Robots, the new judges

Digital rights and defences in the networked environment

Project coordinator: Dr Marcella Favale

Project description

Internet platforms, currently labelled by law as ‘intermediaries’, have revolutionized the digital world as we know it. Online purchases, free content, social contacts, are all parts of this scenario. In this picture, internet users are also content creators, but to what extent they are or should be held accountable for what they upload?

Policies intended to protect these emerging market players and technologies were protective, and therefore they did allow them a ‘safe harbour’. But the diffusion of these media and the consequent diffusion of related illegal behaviour has led to a gradual policy change. The bar is likely to be raised by the new legislation: intermediaries, once impartial gate keepers, are threatened to be held accountable in conjunction with their users. To minimise their risks, Intermediaries implement Artificial Intelligence to patrol their services in search of unlawful behaviours. Illegal material -or so perceived by the machine- is therefore promptly taken down. Robots are the police and the judge of this new world, where is notable the absence of a prosecutor and a defence counsel. As a consequence, principles and landmarks of the ‘old’ world (such as due process and limits/exceptions to the rights) are often neglected in this environment.

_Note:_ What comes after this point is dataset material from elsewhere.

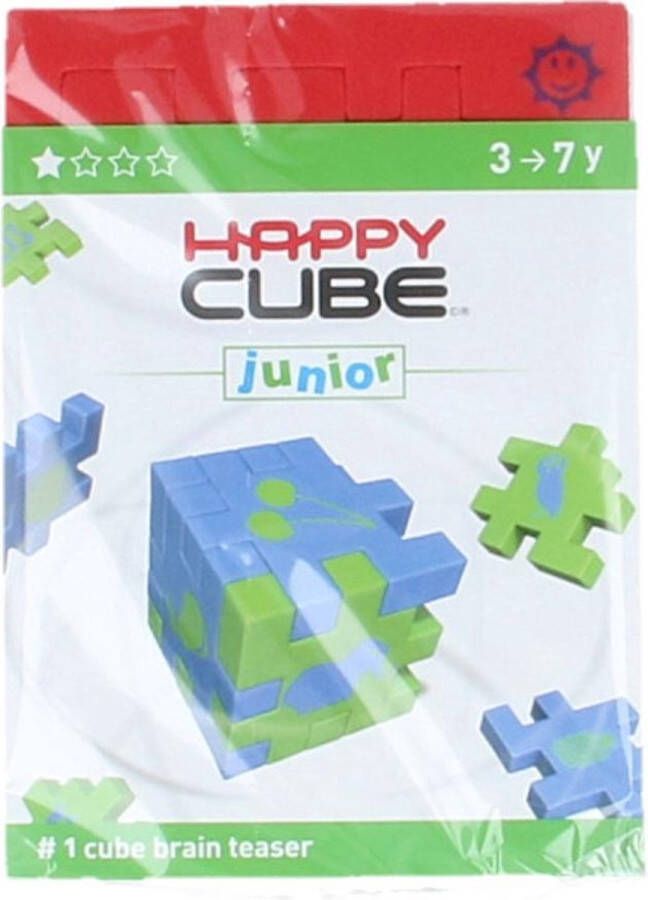 SmartGames Happy Cube Junior Puzzel Rood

And this includes fundamental rights such as freedom of expression.

The project aims oat providing 1) an overview of mechanisms implemented on the most widespread internet platforms (e.g. filtering devices) and their potential to disrupt a correct balance of rights, and 2) an interdisciplinary (Law and IT) study on the possibility to design internet filtering devices respectful of users’ rights and liberties

This project is part of the Jean Monnet Centre of Excellence for European Intellectual Property and Information Rights 2018-2021, co-funded by the Erasmus+ Programme of the European Commission.